Case Study 2: Scaling Output Without Scaling Headcount

The second example focused on a growth marketer who was operating as a one-person team during a period of massive company expansion. He needed to generate hundreds of variations of ad copy and visual creatives, a task that would normally require a team of copywriters and designers.

He solved this by building two specific systems. First, he used AI to write a custom script for his design software (Figma) that automatically generated visual permutations of an ad with a single click, reducing a 30-minute task to 30 seconds. Second, he created a custom AI skill that cross-referenced campaign data against brand guidelines and platform best practices to instantly generate optimized ad copy.

He didn't just ask the AI to "write an ad." He built a repeatable system that codified his marketing expertise.

The Engineering Translation: Automated Test Reporting

Think about the hours spent compiling test reports. You run a thermal cycle test on a prototype, extract the data from the thermocouples, paste it into Excel, create the plots, and then write a 20-page Word document explaining the results.

Instead of doing this manually, you can build a micro-tool. You write a Python script (which an AI can help you write, even if you aren't a programmer) that automatically ingests the raw CSV data from the test equipment and generates the plots. You then pass those plots and the key metrics to an AI model, along with a strict template of how your company formats test reports.

The AI generates the boilerplate text, inserts the plots, and flags any anomalies that exceed your predefined test limits. You review the final document, add your specific engineering conclusions, and sign off. You have just turned a two-day task into a two-hour task.

The Core Pattern: Codify Before You Build

The underlying pattern in both of these examples is the most important lesson for corporate engineers: Codify your expertise first.

AI cannot replace your engineering judgment, but it can scale it. However, to scale your judgment, you must first write down your rules. The AI needs to know your boundaries, your formatting requirements, and your decision-making criteria.

If you want an AI to help you review drawings, you first need a written, unambiguous checklist of what constitutes a "good" drawing in your organization. If you want it to help you select materials, you need to codify your constraints (e.g., "Must be RoHS compliant, yield strength > 250 MPa, cost < $5/kg").

You are not replacing the expert; you are building internal capacity to handle the repeatable, boring work so the expert can focus purely on tasks that require actual human judgment.

Your Action Plan: Start Small

The transition to AI-augmented engineering doesn't happen with a massive, top-down corporate initiative.
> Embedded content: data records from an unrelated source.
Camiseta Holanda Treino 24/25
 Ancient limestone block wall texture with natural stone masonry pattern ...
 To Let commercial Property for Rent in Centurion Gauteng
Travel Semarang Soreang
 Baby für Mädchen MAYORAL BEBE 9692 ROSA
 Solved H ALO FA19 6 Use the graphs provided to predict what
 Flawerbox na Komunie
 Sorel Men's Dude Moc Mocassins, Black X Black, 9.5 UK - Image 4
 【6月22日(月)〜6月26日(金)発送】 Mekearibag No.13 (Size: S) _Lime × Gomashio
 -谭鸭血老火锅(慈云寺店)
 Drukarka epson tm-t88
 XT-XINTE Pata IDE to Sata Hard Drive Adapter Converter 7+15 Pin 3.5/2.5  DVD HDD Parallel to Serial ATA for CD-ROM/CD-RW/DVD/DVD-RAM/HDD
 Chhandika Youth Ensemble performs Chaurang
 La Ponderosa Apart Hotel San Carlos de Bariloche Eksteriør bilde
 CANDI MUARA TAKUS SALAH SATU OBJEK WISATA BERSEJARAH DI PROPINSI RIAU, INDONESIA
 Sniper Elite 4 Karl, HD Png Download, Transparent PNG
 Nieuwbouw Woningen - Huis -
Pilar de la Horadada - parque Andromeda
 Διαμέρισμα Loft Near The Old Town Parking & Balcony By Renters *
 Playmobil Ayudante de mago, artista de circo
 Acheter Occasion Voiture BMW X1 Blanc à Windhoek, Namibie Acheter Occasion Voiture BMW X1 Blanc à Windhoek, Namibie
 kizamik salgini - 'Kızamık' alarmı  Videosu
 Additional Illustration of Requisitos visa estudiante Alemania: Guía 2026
It happens when individual engineers start solving their own micro-problems.

Here is your action plan for this week:

  1. Pick ONE Workflow: Choose one specific task you do every week that drains your energy. Do not pick "designing a new product." Pick "formatting the weekly project status update" or "checking BOMs for obsolete part numbers."
  2. Write Down the Steps: Document exactly how that task is completed from start to finish. What data do you need? Where do you get it? What rules do you apply?
  3. Identify the 80%: Figure out which parts of the task are routine, repetitive, and don't require your best engineering thinking. This is the data gathering, the formatting, and the basic rule-checking.
  4. Identify the 20%: Figure out which parts of the task carry a high "risk of error" and absolutely require your human judgment and expertise. This is the final approval, the complex stack-up analysis, or the safety-critical decision.
  5. Build the System: Use an AI tool (whether it's Copilot, ChatGPT, or a custom script) to build a micro-tool that handles the 80%. Keep yourself firmly in the loop to review and approve the final 20%.

Stop waiting for the perfect, all-knowing engineering AI to arrive. The tools you need to eliminate the worst parts of your job are already here. You just need to codify your rules and build the system. Take action today, pick one small workflow, and reclaim your time.